Dangerous Corner

J B Priestley
Richmond Theatre

Finty Williams and Matt Milne in Dangerous Corner Credit: Robert Day
Lauren Drummond and Finty Williams in Dangerous Corner Credit: Robert Day

J B Priestley’s 1932 Dangerous Corner—the writer’s first play—demonstrates its undiminished power to grip in Michael Attenborough’s proficient touring production which is at Richmond Theatre this week.

Priestley’s carefully constructed relay of revelations unfolds in the drawing room of the Caplans, Freda and Robert, where a group of colleagues and chums, all connected to a transatlantic publishing house, have gathered for the weekend.

When a musical cigarette-box that belonged to Robert's dead brother Martin is produced, a question arises over whether one of the guests, the unmarried Olwen, could ever have seen it before.

Pursuing the point, Robert ends up uncovering a web of betrayals, lies and lusts from which no-one emerges with clean hands, and which will impact upon the compartmentalised existences of all of the gathered company.
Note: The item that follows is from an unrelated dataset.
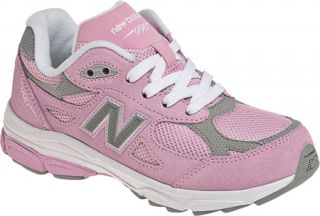 Childrens New Balance KJ990v3   Light Pink Lace Up Shoes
Dangerous Corner is invariably positioned as the first of Priestley’s “time plays,” primarily due to its closing moments: an inspired final flourish that memorably turns the drama back upon itself. However, the play’s main concern is Truth, with the piece exploring the difficulty of ever knowing the “whole story” about another person, and ultimately echoing Ibsen’s The Wild Duck in its insistence that truth-telling may be more destructive than cathartic in its effects.

You wouldn’t call it Priestley’s best work: the dialogue often has the over-explanatory quality that’s typical of the period, while the endless succession of “He was in love with her—and I knew about it!” reveals sometimes teeters on the risible. But, though flawed, the play remains fascinating, for its engagement with “daring” subject matter—drug use, gay desire—and for the way in which its very conventional trappings gesture toward a more experimental type of drama through "meta" aspects.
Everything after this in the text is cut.